Many park visitors enter Sequoia National Park through its southern entrance near the town of Three Rivers at Ash Mountain at 1,700 ft (520 m) elevation. The lower elevations around Ash Mountain contain the only National Park Service-protected California Foothills ecosystem, consisting of blue oak woodlands, foothills chaparral, grasslands, yucca plants, and steep, mild river valleys. The foothills region is also home to abundant wildlife: bobcats, foxes, ground squirrels, rattlesnakes, and mule deer are commonly seen in this area, and more rarely, reclusive mountain lions are seen as well. The California Black Oak is a key transition species between the chaparral and higher elevation conifer forest.
At higher elevations in the front country, between 5,500 and 9,000 feet (1,700 and 2,700 m) in elevation, the landscape becomes montane forest-dominated coniferous belt. Found here are Ponderosa, Jeffrey, sugar, and lodgepole pine trees, as well as abundant white and red fir. Found here too are the mighty giant sequoia trees, the most massive living single-stem trees on earth. Between the trees, spring and summer snowmelts sometimes fan out to form lush, though delicate, meadows. In this region, visitors often see mule deer, Douglas squirrels, and American black bears, which sometimes break into unattended cars to eat food left by careless visitors.
The area which now comprises Sequoia National Park was first home to Monachee (or Western Mono) Native Americans, who resided mainly in the Kaweah River drainage in the Foothills region of the park, though evidence of seasonal habitation exists even as high as the Giant Forest. In the summertime, Native Americans would travel over the high mountain passes to trade with tribes to the East. To this day, pictographs can be found at several sites within the park, notably at Hospital Rock and Potwisha, as well as bedrock mortars used to process acorns, a staple food for the Monachee people.
By the time the first European settlers arrived in the area, smallpox had already spread to the region, decimating Native American populations. The first European settler to homestead in the area was Hale Tharp, who famously built a home out of a hollowed-out fallen giant sequoia log in the Giant Forest next to Log Meadow. Tharp allowed his cattle to graze the meadow, but at the same time had a respect for the grandeur of the forest and led early battles against logging in the area. From time to time, Tharp received visits from John Muir, who would stay at Tharp's log cabin. Tharp's Log can still be visited today in its original location in the Giant Forest.

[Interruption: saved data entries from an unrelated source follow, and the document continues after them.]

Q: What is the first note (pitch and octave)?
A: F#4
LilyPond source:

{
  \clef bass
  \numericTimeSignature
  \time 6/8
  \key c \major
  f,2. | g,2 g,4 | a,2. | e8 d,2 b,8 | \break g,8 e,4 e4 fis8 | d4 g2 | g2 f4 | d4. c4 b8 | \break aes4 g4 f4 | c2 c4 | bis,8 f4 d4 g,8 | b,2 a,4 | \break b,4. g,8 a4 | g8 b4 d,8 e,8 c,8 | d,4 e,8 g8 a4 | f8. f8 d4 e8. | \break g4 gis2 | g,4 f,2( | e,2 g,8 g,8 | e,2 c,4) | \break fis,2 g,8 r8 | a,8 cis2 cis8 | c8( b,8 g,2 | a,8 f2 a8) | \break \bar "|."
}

However, Tharp's attempts to conserve the giant sequoias were at first met with only limited success. In the 1880s, white settlers seeking to create a utopian society founded the Kaweah Colony, which sought economic success in trading Sequoia timber. However, Sequoia trees, unlike their coast redwood relatives, were later discovered to splinter easily and therefore were ill-suited to timber harvesting, though thousands of trees were felled before logging operations finally ceased.

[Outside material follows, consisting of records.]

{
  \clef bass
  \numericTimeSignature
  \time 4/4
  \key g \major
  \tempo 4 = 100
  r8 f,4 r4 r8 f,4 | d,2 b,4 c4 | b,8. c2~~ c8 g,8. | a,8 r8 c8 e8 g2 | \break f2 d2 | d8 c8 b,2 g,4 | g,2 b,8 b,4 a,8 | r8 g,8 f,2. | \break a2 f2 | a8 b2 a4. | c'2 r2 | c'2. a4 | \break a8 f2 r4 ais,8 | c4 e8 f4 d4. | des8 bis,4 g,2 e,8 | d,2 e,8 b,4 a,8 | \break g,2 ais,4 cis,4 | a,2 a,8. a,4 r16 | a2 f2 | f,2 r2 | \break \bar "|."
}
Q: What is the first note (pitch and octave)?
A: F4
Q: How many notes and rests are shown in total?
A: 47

The National Park Service incorporated the Giant Forest into Sequoia National Park in 1890, the year of its founding, promptly ceasing all logging operations in the Giant Forest. The park has expanded several times over the decades to its present size; one of the most recent expansions occurred in 1978, when grassroots efforts, spearheaded by the Sierra Club, fought off attempts by the Walt Disney Corporation to purchase a high-alpine former mining site south of the park for use as a ski resort. This site was annexed to the park to become Mineral King, the highest-elevation developed site within the park and a popular destination for backpackers.